----- INPUT DATA

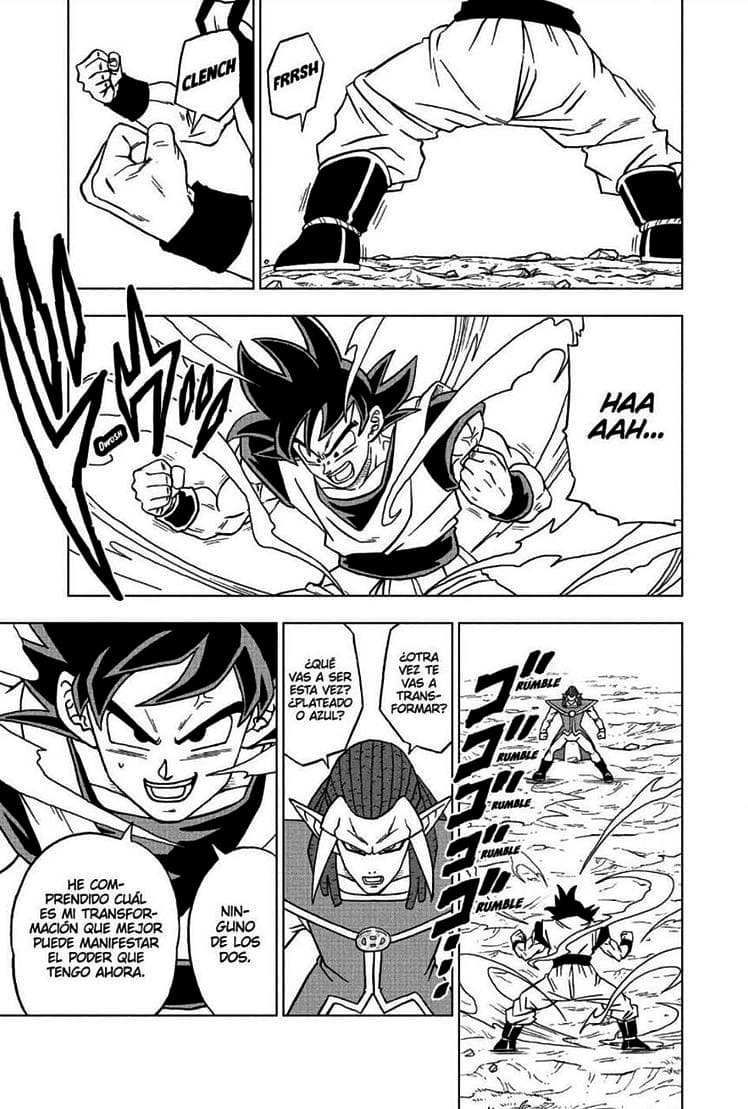 dragon ball super manga 85 22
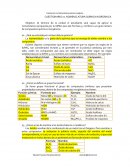 CUESTIONARIO 07. NOMENCLATURA QUÍMICA INORGÁNICA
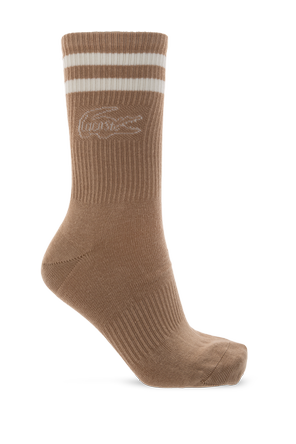 Lacoste Three-Pack of Sports Socks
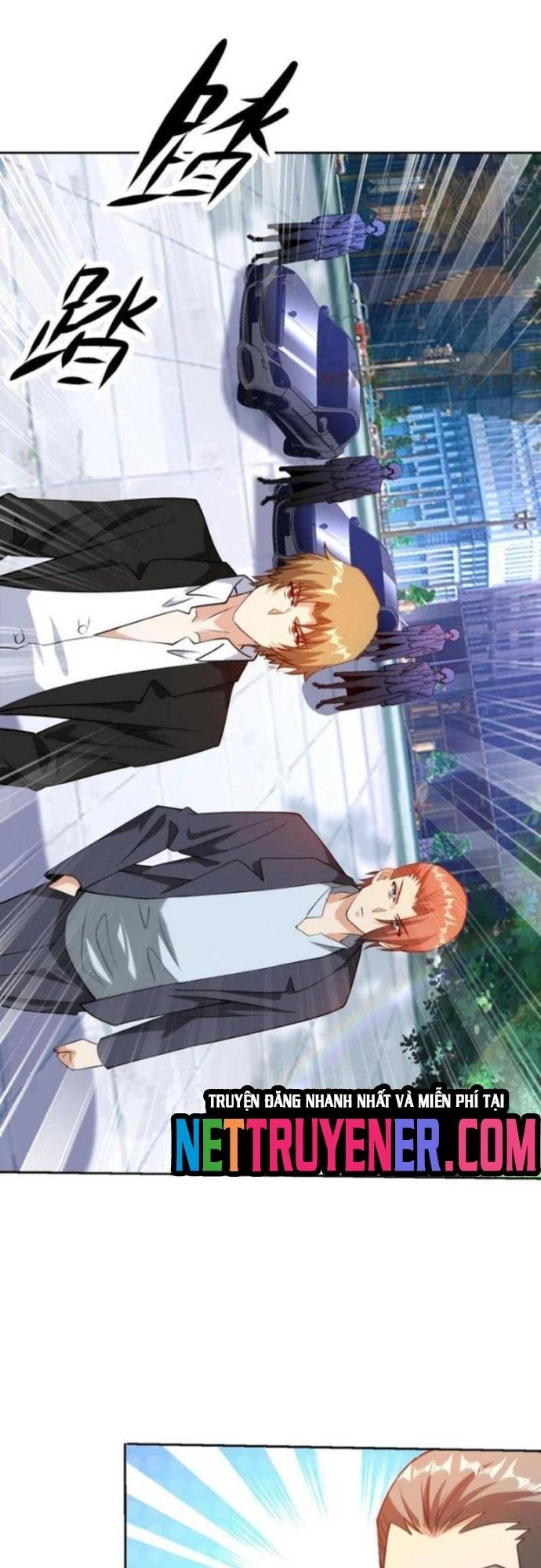 Mắt Thần Huyền Thoại Chapter 54 - Trang 3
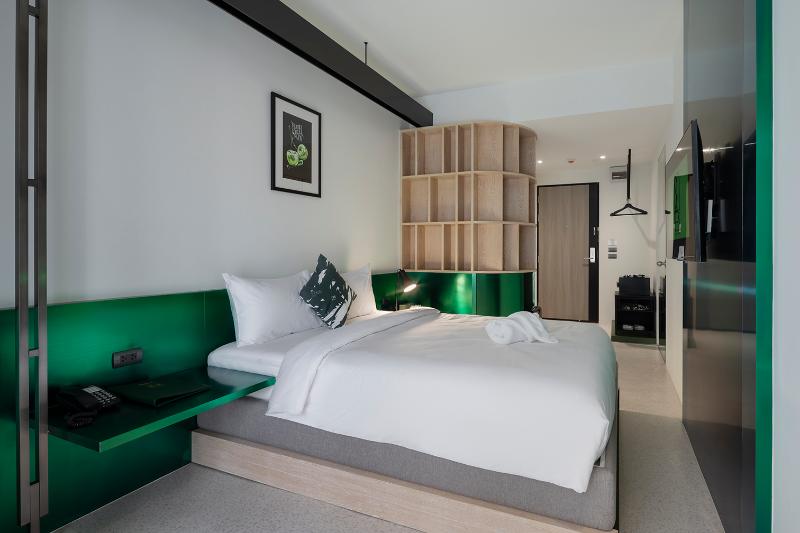 Hotel Sapin - Oda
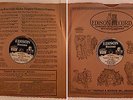Georgia Melodians, and Atlantic Dance Orchestra on 78rpm Edison 51338 Fox Trot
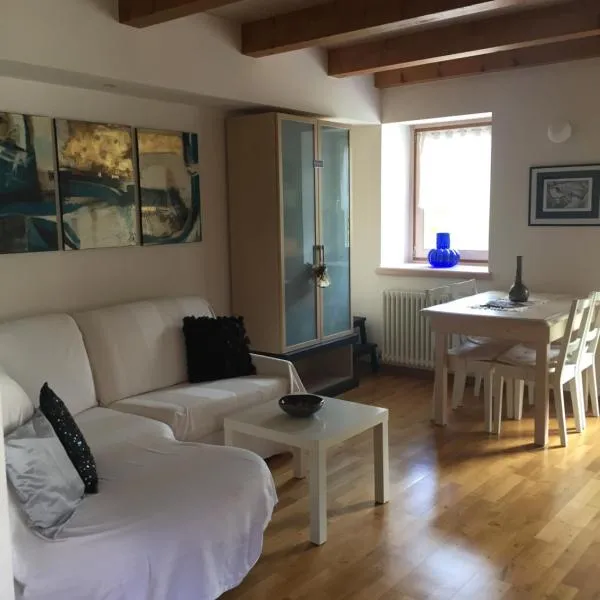 Lausen Vil, hotel v destinaci Canale San Bovo
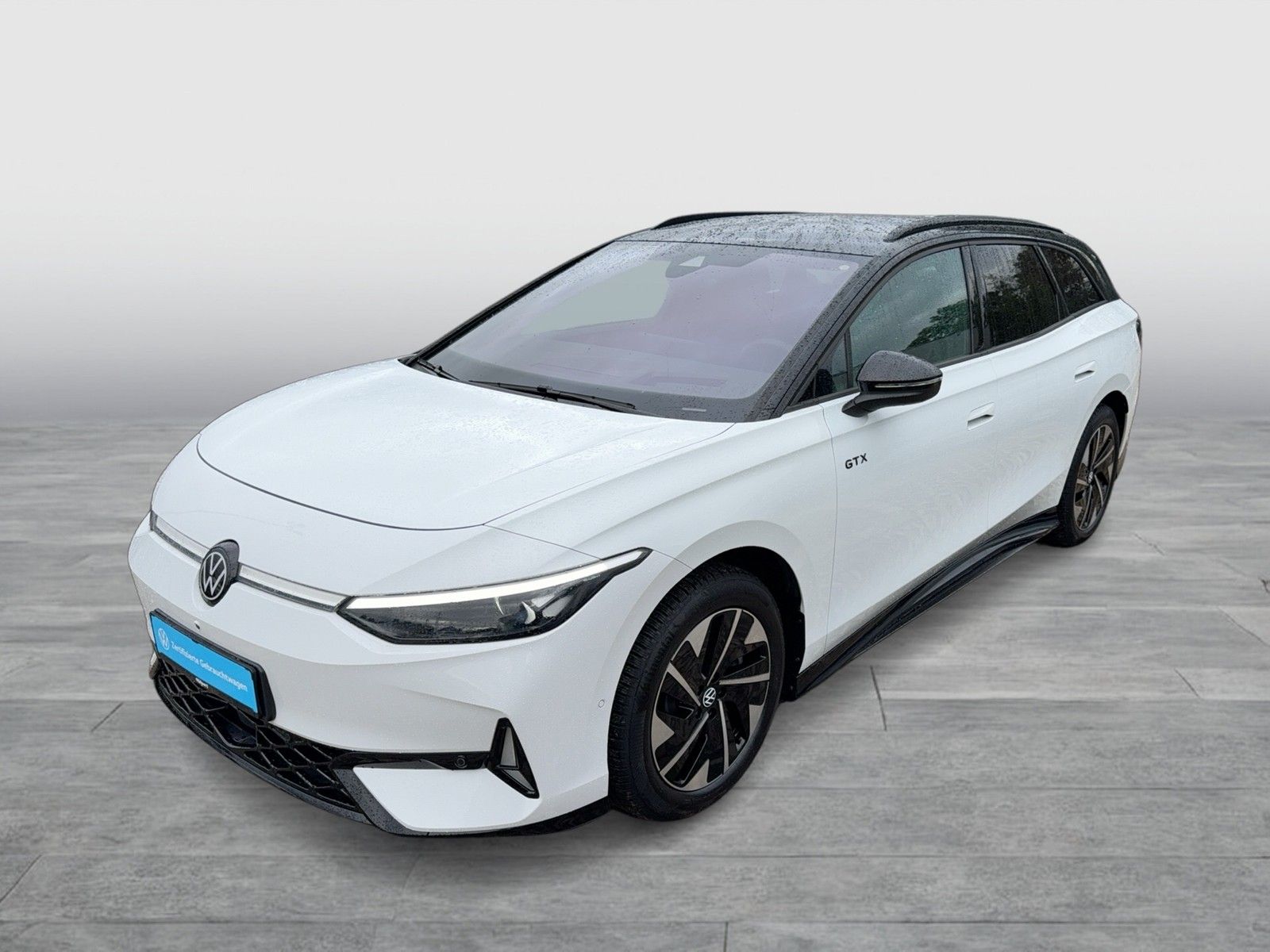 Volkswagen ID.7 Tourer GTX 4X4 WÄRMEPUMPE HARMAN KARDON AHK foto 2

----------

**WORK ITEM**: The records must appear again word for word, though none of their pictures should.

**OUTPUT**:
 dragon ball super manga 85 22
 CUESTIONARIO 07. NOMENCLATURA QUÍMICA INORGÁNICA
 Lacoste Three-Pack of Sports Socks
 Mắt Thần Huyền Thoại Chapter 54 - Trang 3
 Hotel Sapin - Oda
Georgia Melodians, and Atlantic Dance Orchestra on 78rpm Edison 51338 Fox Trot
 Lausen Vil, hotel v destinaci Canale San Bovo
 Volkswagen ID.7 Tourer GTX 4X4 WÄRMEPUMPE HARMAN KARDON AHK foto 2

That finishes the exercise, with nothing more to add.